Oleh. Fathorrahman Fadli
Saya terbilang seorang pembaca yang mengagumi John Naisbitt: seorang ekonom sekaligus futurolog terkemuka dunia. Bagi saya ia sangat cermat dalam memotret perkembangan dan trend dunia lengkap dengan analisis sosio ekonometriks-nya.
Bukan hanya itu, ia juga piawai dalam mengungkit relasi antara kekayaan khasanah cultural suatu bangsa dengan dinamika perekonomiannya. Saya membaca karya Naibitt sejak Megatrends hingga buku terbarunya, “China’s Megatrends”.
Membaca buku Naisbitt, selalu merangsang tumbuhnya imajinasi. Mungkin juga caci-maki, ketika kita berusaha melakukan komparasi non-tendensial dengan realitas bangsa kita saat ini.
Lalu sering juga saya bertanya, “Kenapa profesor-profesor yang pinter-pinter yang kita punya itu tidak kita beri kesempatan untuk memerintah?”
Mengapa pula kita memberikan kepercayaan kepada orang yang kualitasnya “mediocre”. Sudah kualitasnya ‘mediocre” sering bertingkah pula…dengan korupsi, memperkaya diri dan seterusnya. Sudah begitu, sok kuasa lagi! Sudah begitu, dia tak tahu apa yang mesti dilakukan di saat ia berkuasa. Orang Batak bilang, “Baah…apa pula ini, lengkap pula penderitaanku!
Naisbitt melukiskan kemajuan China hari ini, sebagaimana ia ceritakan dalam China’s Megatrends’ dengan 8 pilar. Pertama, emansipasi pikiran. Kedua, menyeimbangkan Top-Down dan Buttom up. Ketiga, Membingkai hutan dan membiarkan pepohonan.
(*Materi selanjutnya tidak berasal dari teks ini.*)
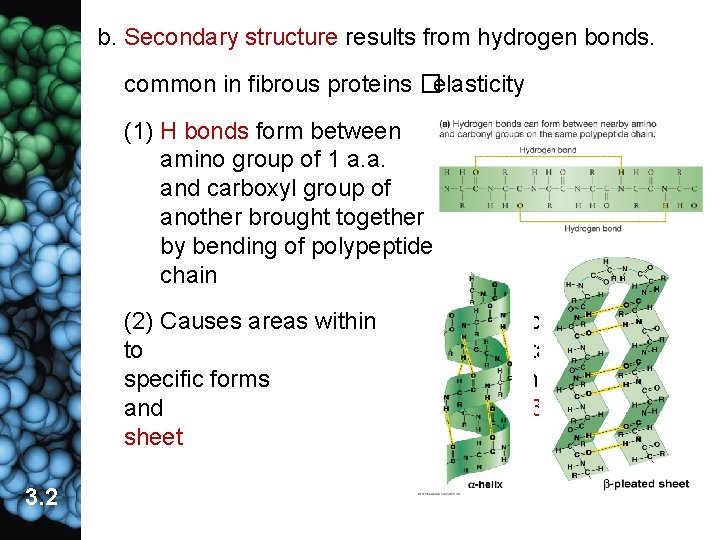 b. Secondary structure results from hydrogen bonds. common in fibrous proteins �elasticity (1) H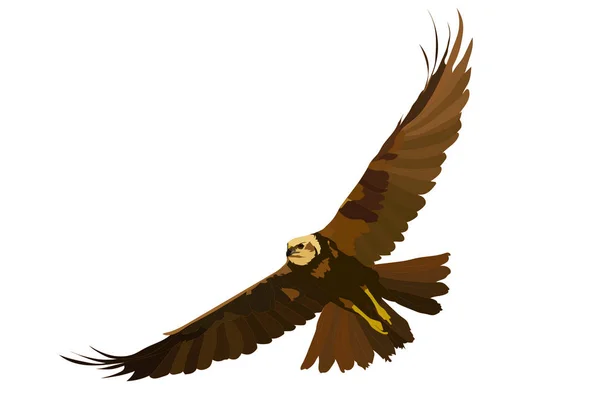 Pájaro Salvaje Volador Pájaro Presa Ataque Hawk Pájaro Vector Realista — Archivo Imágenes Vectoriales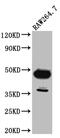 GATA Binding Protein 3 antibody, CSB-RA196111A0HU, Cusabio, Western Blot image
Keempat, Menyeberangi sungai dengan merasakan bebatuan. Kelima, persemaian artistik dan intelektual. Keenam, bergabung dengan dunia. Ketujuh, kebebasan dan keadilan. Ke delapan, dari medali emas olimpiade menuju hadiah nobel.
Trend kelima, persemaian artistik dan intelektual cukup kuat menyergap dalam benak saya selaku pembaca. Dan, nampaknya perlu kita diskusikan lebih lanjut. Naisbitt melukiskan dan menjadikan sinergitas seniman dan intelektual itu menjadi pilar penting kemajuan China seperti yang kita lihat hari ini.
Mengapa?
Karena sejak awal, pemimpin China Deng Xiaoping meletakkan garis yang tegas dengan berkata, ”Kita harus membangun dua peradaban: yaitu peradaban material dan peradaban spiritual. Keriangan artistik dan intelektual di China hari ini merefleksikan luapan energi peradaban spiritual itu”.
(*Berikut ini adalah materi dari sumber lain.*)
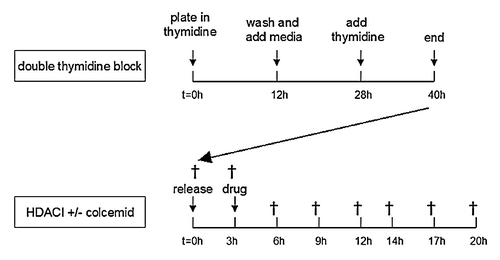 Figure 3. Summary of the flow cytometry protocol. Cells were synchronized with a double thymidine block, which arrests cells at the beginning of the S-phase. For this purpose, cells were plated, and at 30–50% confluency incubated for 12 h in DMEM-10 media containing 2 mM thymidine. Subsequently cells were washed twice in PBS and incubated in DMEM-10. After 16 h, the media was replaced with DMEM-10/thymidine and cells were incubated for 12–14 h. Then cells were released from S-phase by removing the thymidine containing media. After three hours cells were treated with HDACis and/or colcemid, and for 17 h control and treated cells were harvested (†) every 2–3 h to monitor cell cycle progression by flow cytometry.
Pemikiran visioner Deng Xiaoping ini dinilai Naisbitt telah menginspirasi proses transisi ekonomi China. Sedangkan imajinasi dan kreatifitas seniman China menyiapkan lahan yang subur bagi tumbuhnya kreatifitas dibidang lainnya. Karena itu ia berkesimpulan bahwa tidak ada masyarakat yang berubah lebih baik tanpa adanya intelektual dan seniman dalam barisan terdepannya.
Lalu bagaimana dengan bangsa Indonesia? Sudahkah kaum intelektualnya bersinergi dengan kaum seniman-senimannya. Sudahkah menjadikan seniman Indonesia dan intelektualnya sebagai garda terdepan untuk perubahan masyarakat yang lebih baik.
Saya berkeyakinan jawabannya belum. Masih jauh panggang dari api. Karena susunan kabinet disusun berdasarkan kepentingan politik, berdasarkan ketakutan kekuasaannya diganggu, berdasarkan kepentingan meraih rente dan kue manis kekuasaan.
Kekuasaan disusun berdasarkan semangat ‘perutisme’ dan ‘syahwatisme’. Kita semua lupa bahwa keinginan untuk menciptakan kemajuan masyarakat yang baik hendaknya dihendaknya dimulai dengan menyusun kekuasaan secara kualitatif.
Kekuasaan hendaknya base on scientific, bukan karena balas jasa atau karena tim sukses. Negara yang baik mesti dikelola dengan menggunakan ilmu yang baik dan mutakhir. Sehingga penguasa yang tampil adalah penguasa yang memimpin dengan logika, menghaluskannya dengan seni.
Oleh sebab itu, saya anjurkan kepada para professor untuk jangan hanya berpangku tangan dan puas diri dengan hanya bicara diseminar. Seolah dengan itu persoalan bangsa sudah selesai. Tidak saudara profesor! Ayo.. anda bisa jadi presiden, anda bisa jadi gubernur, anda bisa juga jadi Bupati: bertarunglah!